In meinem Garten steht ein kleiner Kirschbaum. Ich habe ihn vor knapp zwei Jahren gepflanzt. Deshalb ist er noch nicht sehr groß, gerade mal einen Meter. Vor meinem geistigen Auge sehe ich schon einen großen Baum, mit starken Ästen und einem dichten Blätterdach. Ich träume davon, wie er mir in praller Sonne Schatten spendet, und natürlich von den herrlichen Süßkirschen, die an ihm reifen. Ich kann dann ein Vogelhaus in seine Zweige hängen, weil diese stark genug sein werden, es zu tragen.
Was für eine schöne Vorstellung, im Sommer unter dem Baum zu liegen und ein Buch zu lesen. Während ich in derartigen Gedanken schwelge und von der Zukunft träume, kommt mir die Frage, ob ich noch es erleben werde, so einen kräftigen mehrere Meter hohen Baum im Garten zu haben. Etwa 20 cm wächst ein Kirschbaum pro Jahr – ein paar Jahre dauert es also, bis er sich zum Baum meiner Träume ausgewachsen hat. Vielleicht werde ich dann gar nicht mehr dort wohnen. Weil ich zu alt und gebrechlich bin, das Haus und den Garten zu bewirtschaften. Wer weiß. Dann werden sich die Nachkommenden hoffentlich an dem Baum freuen. Den ich gepflanzt und gehegt habe.
Als ich ihn vor zwei Jahren in die Erde setzte, war mir gar nicht so bewusst, dass ich damit Zukunft pflanze. Das mache ich im übertragenen Sinn eigentlich ganz oft, Zukunft pflanzen. Den Samen legen für die Zeit nach mir. Zum Beispiel, wenn ich darauf achte, unseren Planet Erde mit all seinen Schönheiten nicht über Gebühr zu strapazieren.
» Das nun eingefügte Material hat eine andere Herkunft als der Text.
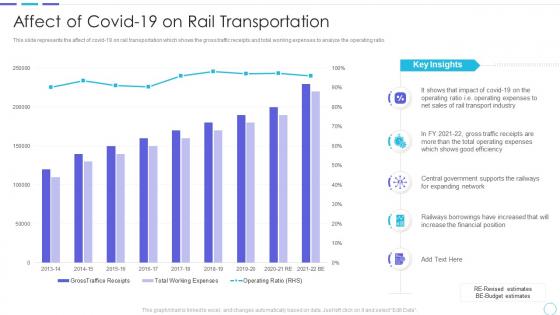 Affect of covid 19 on rail transportation cost benefits iot digital twins implementation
Die Erde ächzt und stöhnt unter der Last, die sie zu tragen hat. Das hat schon Hildegard von Bingen im 12. Jahrhundert sinngemäß niedergeschrieben.
Der ausbeuterische Umgang mit der Umwelt ist also schon ein uraltes Problem. Doch es hat in der heutigen Zeit an Fahrt aufgenommen. Wenn mir die nachfolgenden Generationen egal sind, handle ich nach dem Motto: Nach mir die Sintflut. Aber wer will das schon für seine Kinder und Kindeskinder.
Es ist ein schöner Gedanke für mich, dass ich mit dem, was ich tue, auch gute Samen für die Zukunft legen kann. Noch schöner ist der Gedanke, wenn wir es gemeinsam machen: einer Zukunft den Boden zu bereiten, in der alle ein gutes Leben haben können. Nicht nur, weil wir es toll finden, sondern weil wir es den kommenden Generationen irgendwie auch schuldig sind.